PT-FI and the MOEF also established a new framework for continuous improvement in environmental practices in PT-FI’s operations, including initiatives that PT-FI will pursue to increase tailings retention and to evaluate large-scale beneficial uses of tailings within Indonesia. The MOEF issued a new decree that incorporates various initiatives and studies to be completed by PT-FI that would target continuous improvement in a manner that would not impose new technical risks or significant long-term costs to PT-FI’s operations. The new framework enables PT-FI to maintain compliance with site-specific standards and provides for ongoing monitoring by the MOEF. In 2018, PT-FI recorded a $32 million charge for assessments of prior period permit fees with the MOEF.

Oil and Gas Properties.
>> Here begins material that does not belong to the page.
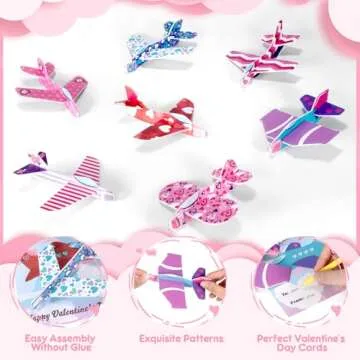 CHMYWJ 28 Pack Valentines Day Cards for Kids School with Foam Airplane Valentines Day Gifts for Kids Classroom Valentines Exchange Prize Gifts Cards Boys &Girl Valentines Airplane Party Favors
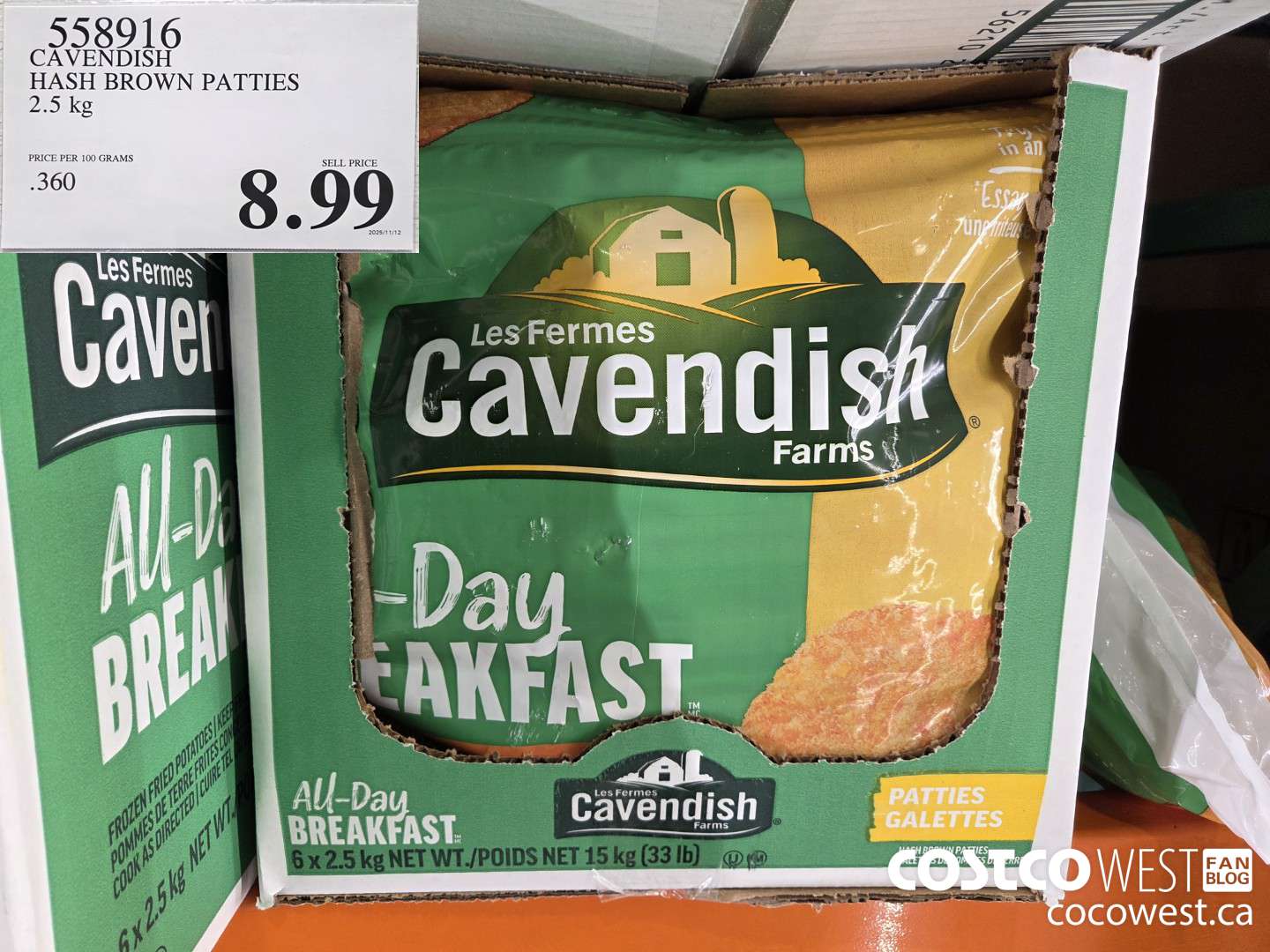 558916 CAVENDISH HASH BROWN PATTIES 2.5 kg $8.99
Substantially all of FM O&G’s oil and gas leases require that, upon termination of economic production, the working interest owners plug and abandon non-producing wellbores, remove equipment and facilities from leased acreage, and restore land in accordance with applicable local, state and federal laws. Following several sales transactions in 2016, 2017 and 2018, FM O&G’s remaining operating areas include offshore California and onshore in South Louisiana as of December 31, 2018. FM O&G AROs cover approximately 210 wells and 120 platforms and other structures. At December 31, 2018, FM O&G had accrued $476 million associated with its AROs.

Litigation. FCX is involved in numerous legal proceedings that arise in the ordinary course of business or are associated with environmental issues as discussed in this note under “Environmental.” FCX is also involved periodically in reviews, inquiries, investigations and other proceedings initiated by or involving government agencies, some of which may result in adverse judgments, settlements, fines, penalties, injunctions or other relief. Management does not believe, based on currently available information, that the outcome of any legal proceeding will have a material adverse effect on FCX’s financial condition, although individual or cumulative outcomes could be material to FCX’s operating results for a particular period, depending on the nature and magnitude of the outcome and the operating results for the period.

FM O&G LLC, an indirect wholly owned subsidiary of FCX, is a defendant in a purported class action titled David Garcia v. Freeport-McMoRan Oil & Gas LLC filed on April 1, 2016, in the Superior Court of the State of California for the County of Santa Barbara (Case No. 16CV01305) and subsequently removed to the U.S. District Court for the Central District of California (the District Court). The plaintiff, a former FM O&G LLC employee who worked on offshore production platforms in federal waters, alleged violations of various California wage and hour laws and sought relief for past wages, overtime, penalties, interest and attorney’s fees. The case was dismissed by the District Court on the basis that federal law, not state law, applied, and the complaint alleged no violations of federal law. The dismissal was appealed by the plaintiff to the U.S. Court of Appeals for the Ninth Circuit where the case is currently stayed in deference to the ongoing appeal of a similar case. Based on recent developments, FCX has concluded that its exposure in the Garcia case is not material to its consolidated financial statements.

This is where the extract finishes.